ACADEMIA DE LA LENGUA

57. Tocarse el moniato                                                                          

Para los habladores silvestres es motivo de creciente autoestima que nuestro moniato, motivo de burla para los bienhablados, haya alcanzado la bendición académica, entronizado en el diccionario oficial, con lo que eso supone de reconocimiento de nuestras peculiares soluciones idiomáticas. Pero no hablaremos de la gracia del nombre ni de las bondades del dulce tubérculo que nombra. Nos detendremos más bien en el valor imaginario con que designa el fruto de la entrepierna, femenino o preferentemente masculino, dada su forma recia y alargada.

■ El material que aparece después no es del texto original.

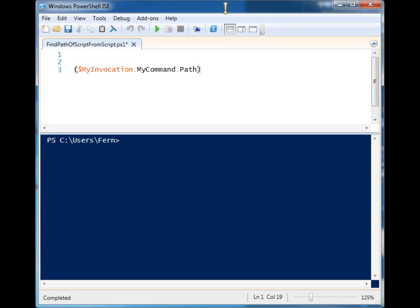If you hard code paths in your script you're gonna have a bad time, so you want to have a more dynamic way of finding where your script is being run from.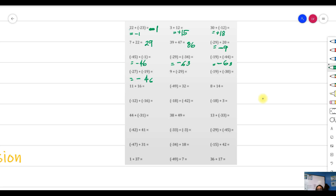For unlike sign numbers, copy the sign of the bigger absolute value — which is negative — then subtract: 29 minus 9 gives 20. When both addends are negative, the answer is negative — adding gives negative 49. For 11 plus 16, both are positive, so the sign is positive and 11 plus 16 is 27.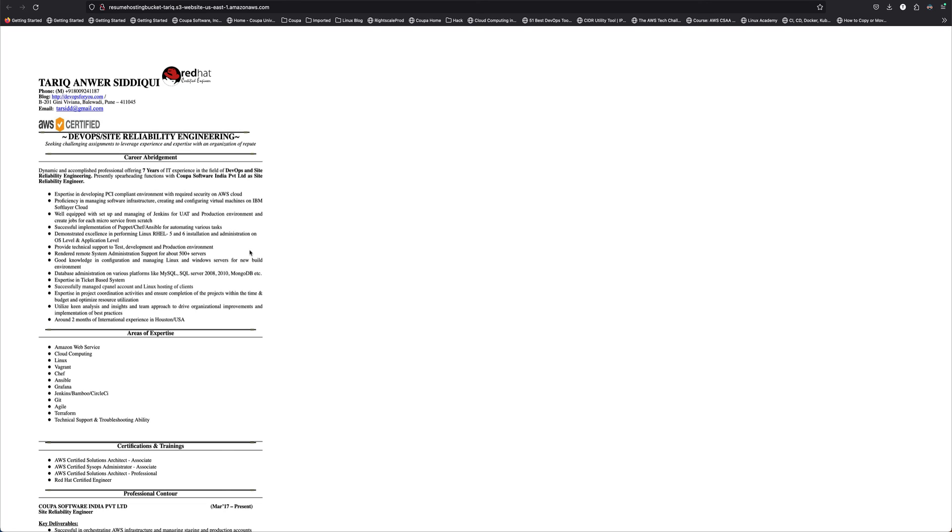But this is the basic structure of how you host a static web page on S3 bucket, and this is how you host your resume. I hope you guys like this video. Please do subscribe to the channel before leaving, and thank you for watching.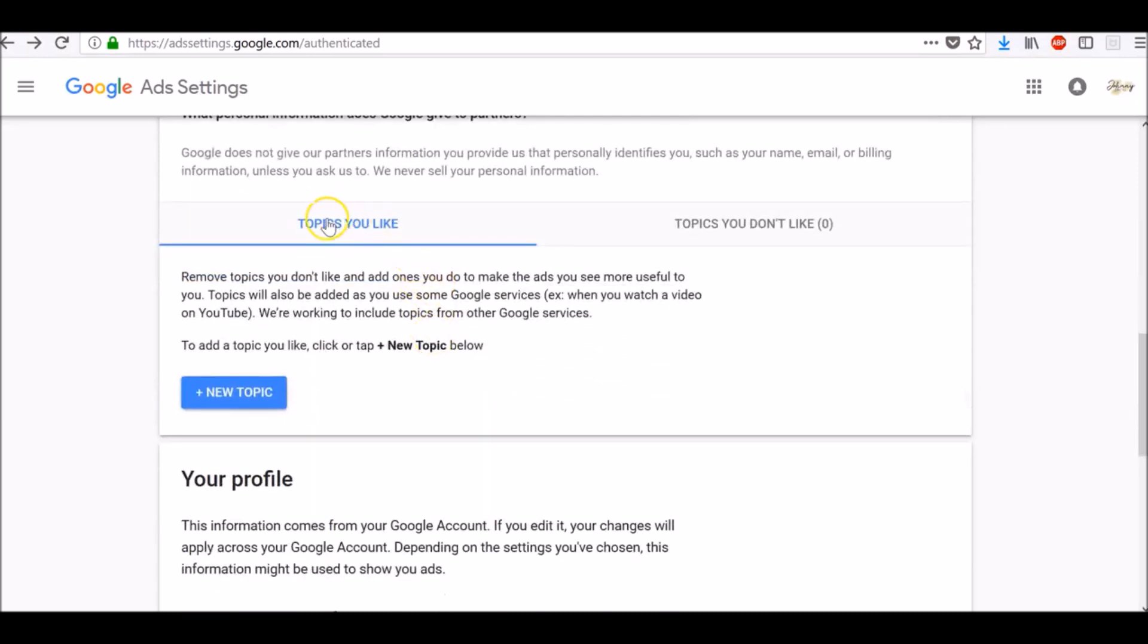Now, here we have topics we like and topics we don't like. From here, you can remove topics you don't like and add ones you do to make the ads you see more useful to you.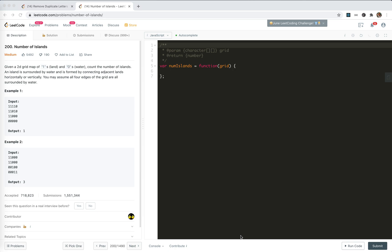Hey guys, this is Jeser. How's everything going? In this video, I'm going to take a look at LeetCode 200, Number of Islands. We're given a 2D map of 1s and 0s. 1 means land, 0 means water. We need to count the number of islands. An island is surrounded by water and is formed by connecting adjacent lands horizontally or vertically. You may assume all four edges of the grid are surrounded by water.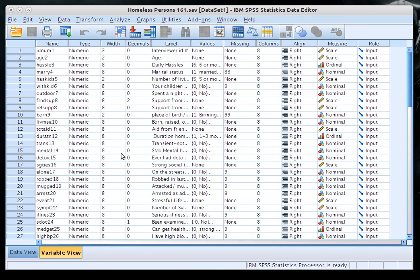Today I'm going to show you how to do two kinds of t-tests. The first is a one-sample t-test, which is the same as a large sample means test that we learned to do in class because our sample size is 161.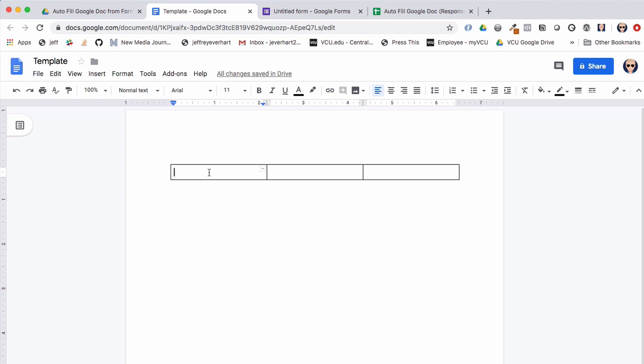Inside our template we're going to include what we call replacement tags. This is a string of text that Google Apps Script will look for when evaluating our Google Doc, and those values will be replaced with data from our form later. I recommend using two curly braces — so we'll create one for first name, one for last name, and one for title.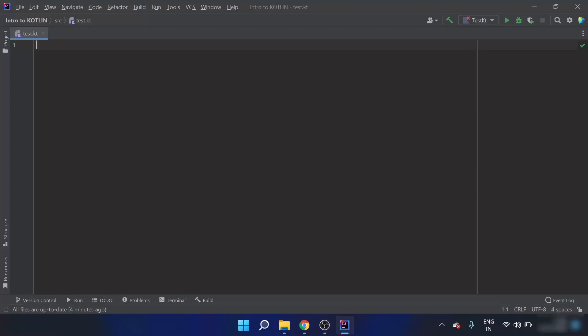In this video we are going to write a program to find the transpose of a matrix.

Y diremos, además, que este moniato es el alma de un giro que, lejos de ser malsonante o grosero, describe con acierto y puntualidad el comportamiento de la persona holgazana o entretenida en ocupaciones inútiles: si decimos que nuestro marido, el nene o el abuelo “están tocándose el moniato”, los pintamos como desocupados o dedicados a labores ociosas e inútiles. Aunque si lo utilizamos como apelación categórica, se convertirá en un arma arrojadiza –“Tú cálla y tócate el moniato”, “A tocarse el moniato”…- con la que manifestamos a nuestro interlocutor la sorpresa o el desprecio que nos producen sus dichos o hechos disparatados o inútiles.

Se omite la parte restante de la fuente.